Falkingham and Parry, who is 46, have been roaming Britain since last October, pursuing their Freegan lifestyle in cities from Manchester and Leeds in the north, to Plymouth in the south.
They eat, sleep and live in a beaten-up old van which is equipped with mattresses, a stove, a sink, carpets and even a heater all taken from skips or wreckers’ yards.
Falkingham wears a watch recovered from a bin behind a charity shop, his boots were taken from a retailer’s skip and the pair say they have found computer parts, furniture and even an MP3 player in dumpsters.
They have no jobs and no money but see very little need for either.
“When you first start off, you think ‘how am I going to live without a wage?’,” says Parry, who has been living a Freegan lifestyle for more than 20 years.
“But our priority is to work for love to make the world a better place, and we want to have more time to do that. The less time we spend chasing a salary, the more time we have to do what we really believe in.”
“There’s so much excess in this society that you don’t have to worry about where the next meal is coming from.”
MILLIONS OF TONNES OF WASTED FOOD
According to research, more than 30 percent of the 17 million tonnes of waste that goes to landfill in Britain is food waste.
Fareshare, a charity which delivers surplus food to the homeless and other vulnerable people in need, says around a quarter of that is perfectly good, edible food.
“Last year we redistributed 2,000 tonnes of food — that helped provide 3.3 million meals and helped around 12,000 people — but that is still just the tip of the iceberg,” Fareshare spokeswoman Maria Kortbech Olesen told Reuters.
Fareshare, which distributes food given by some of Britain’s biggest food retailers such as Marks and Spencer and Sainsbury’s which would otherwise go to waste, sympathizes with Freegans, but is concerned at their sometimes risky methods.
“What they are trying to address is basically the same thing as we are,” says Kortbech Olesen. “There is a lot of waste and we have to do something about it.”
“But you have to be careful. Freegans take food from bins, and they can never know whether that food is safe.”

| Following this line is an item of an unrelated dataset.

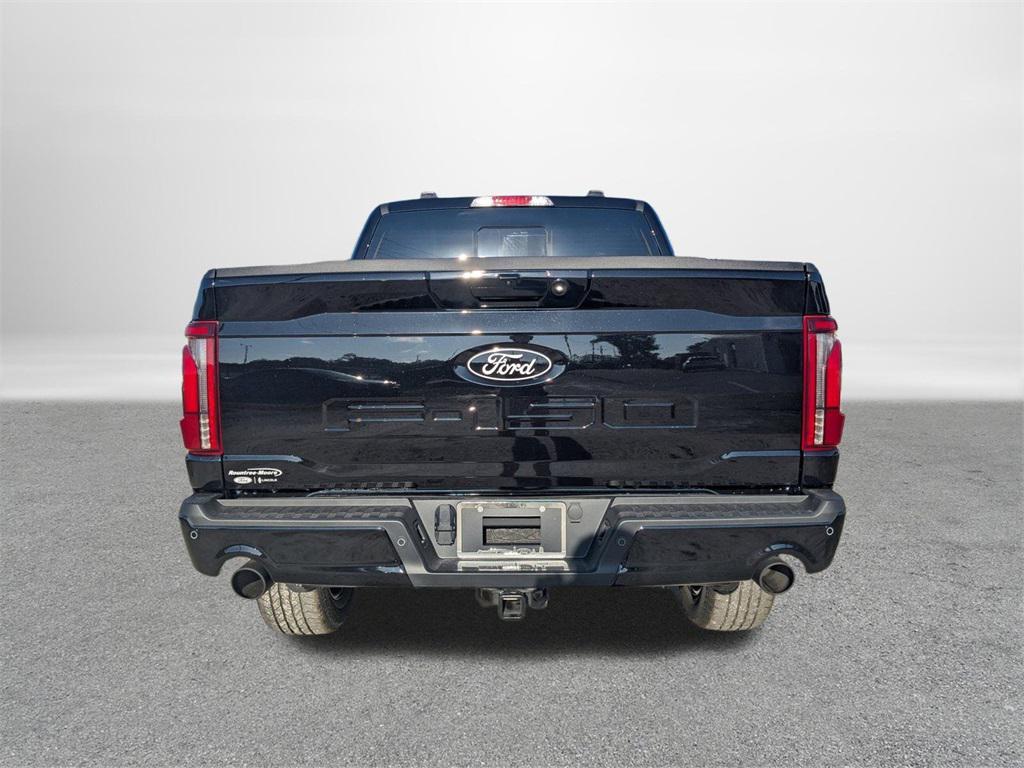 new 2025 Ford F-150 car, priced at $67,646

Falkingham shrugs off any concern about getting sick.
“I think I have only once been ill from eating food from bins — I got diarrhea,” he says. “But I like to push the limits with what I eat.”

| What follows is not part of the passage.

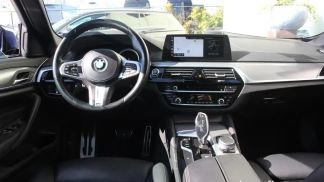 Leasing Wagon BMW 520 2017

The problem is as I have pointed out so repeatedly is that if there wasn’t excessive consumption and waste then there would be nothing for freegans to live off off. They have “opted” out of a system they rely on entirely for their subsistence. Other peoples gas, food, labor, and greedy consumption. I would respect a more honest movement that stated in a slightly more anacrchist way. “fuck you I will not work, I will live off your work until the system is changed” Then at some point there may be some kind of transition. But posturing as though they are doing me a clean green favor, yea right. Always bummin a smoke types. B.E.